The second reason is more general and applicable across all types of businesses: Employees want to feel engaged in defining their company’s future.
Once all parties under the corporate umbrella developed their specific strategies, McDonald then assisted in ramping those strategies to a larger corporate strategic vision that would provide longer-term direction for everyone in the organization.
“We were very methodical in how we did it,” McDonald says. “We took a lot of time, had a lot of people involved, and then at the end of the year, we presented our overall strategy to the board for final approval. Then we rolled it out to all our employees.”
Even though the strategy started at the brand level, the initial plan for strategy creation needed to start at the top. McDonald and the company’s leadership team met and began to draw a basic road map for proceeding through the treacherous economic climate. In the early fall of last year, the company leaders decided to drive the strategy formation process down to the individual brands.
“One of the brands would get together with their people, I would attend, and some members of the executive team would attend,” McDonald says. “For several days, we followed this very tight methodology process to make it happen. We identified that if we are going to be successful for the next one, two and three years, what do we need to do and how can we maximize our investment on both a human and financial basis?”
During the process, McDonald and the other corporate executives in attendance worked as equal participants with the brand presidents, who ran the meetings. By taking that approach, the company’s corporate leaders took an early step in creating ownership of the strategy among the company’s brand-level management and franchisees.
Once the president of each brand under the Service Brands umbrella had conducted their strategic planning workshop, McDonald and his leadership team took the strategic needs and requests from each brand and developed a master list, which they then took to Service Brands’ corporate-level support staff.
“We developed a list of what we needed from technology, what we needed from marketing, what we needed from legal and finance, and so on,” he says. “Then we went to each of our support functions and told them exactly that: ‘This is what we need from you in order for our brands to be successful.’ The support function leaders then met with their teams and came up with their own business plans, which were essentially their strategies for dealing with this.”

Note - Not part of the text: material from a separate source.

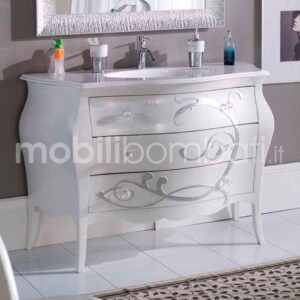 Baroque style vanity unit with pearly relief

Once the support staff teams reported back to upper management with their plans — including costs, projected returns, resources needed and measurement methods — McDonald’s team then pieced all the brand-level and support-level work together to form Service Brands’ overarching strategy.
“It was really nothing more than a rollup of all the brand strategies,” McDonald says. “There is no point in trying to have alignment if the corporate strategy is something completely different from what the brands are trying to accomplish. You need to have alignment and unification if you have strategies at different levels of the organization. At the end of all of the planning, what we have now is that every person in the organization is aware of not only what we want to do from an overall organizational standpoint but also from the perspective of each of our brands and support functions. Everyone understands that our goal is to make our franchisees as successful as possible.”
McDonald says any good strategic planning process is rooted in good communication. If there is an overall lesson to be learned from his experience, he says it is to communicate constantly during the planning process.
“It’s the frequency, it’s the detail, all of those things,” he says. “People need to realize where you’re trying to go as an organization, and they need to know when you’ve arrived. That is an ongoing process, both during and after the strategic planning process. You can communicate the direction of the company in many ways and solicit feedback in many ways, but just like anything else in business, it should be a part of a planned strategy.”